Je retourne auprès de Helin. Koreh est revenu avec ma couverture.

« Couvre-la ! »

Il s’exécute. J’ouvre une bouteille dans la laquelle j’ai écrasé un Solea, un petit fruit rouge immangeable cru, mais très efficace cuit contre la fièvre. J’ai mélangé avec de l’eau et un peu de sucre pour que ça passe mieux. J’espère que ça, ça ira. Je n’ai pas grand-chose d’autre à proposer. Dans le doute, je préfère en faire sentir le contenu à Koreh. Ils doivent tolérer à peu près les mêmes choses, s’il ne sent rien de dangereux alors ça limitera la casse.

« Tu le boirais ?
- J’imagine. »

C’est rassurant je suppose. Je m’assois au niveau de la tête de Helin. Je la caresse un peu, pour la rassurer.

« Helin ? Tu m’entends ? J’ai besoin que tu avales un truc. »

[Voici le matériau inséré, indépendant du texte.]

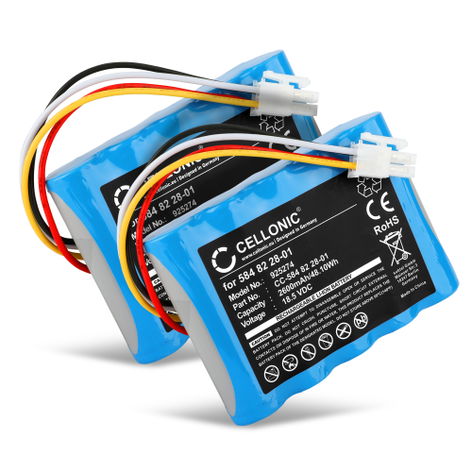 2x Battery for Husqvarna Automower 450X, 310, 315, 420, 315X, 440 584 8528-01,584 8528-01,584 82 28-02 (2600mAh, 18.5V) from CELLONIC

Je n’ai pour seule réaction qu’un énième frisson. Avec douceur, je soulève sa tête et écarte ses mâchoires. Son seul effort est d’avaler, pourvu que ça aille. Doucement, je fais glisser le liquide dans le fond de sa gorge… ça a l’air de passer. Avec patience, je lui donne tout le contenu de la bouteille. Je la repose au sol… j’espère qu’elle ne va le revomir d’ici une heure ou deux. C’est ma dernière crainte.

Je débouche la fiole de Poloë et la dépose devant sa truffe. Ça sent vraiment fort ce truc, je ne comprends pas qu’on ne le préconise pas contre les rhumes.

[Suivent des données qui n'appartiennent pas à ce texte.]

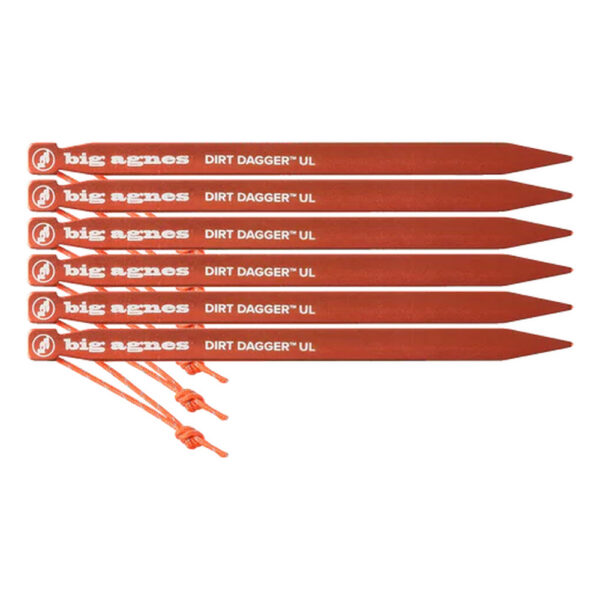Big Agnes Dirt Dagger UL 6” Tent Stakes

« Je ne peux rien faire de plus, Koreh. La suite ne dépend que d’elle…
- Merci Azken.
- C’est mon boulot. »

Je le regarde. Il est sagement assis, son regard est calme et aiguisé. Le vent nocturne agite sa crinière claire. À aucun moment, on ne devinerait son inquiétude pour sa sœur. D’ailleurs, je n’ai jamais senti de doute chez lui, ni pendant la mission, ni au contact d’humains. Pas que ça soit extraordinaire, mais venant d’une chimère, c’est un comportement rarissime.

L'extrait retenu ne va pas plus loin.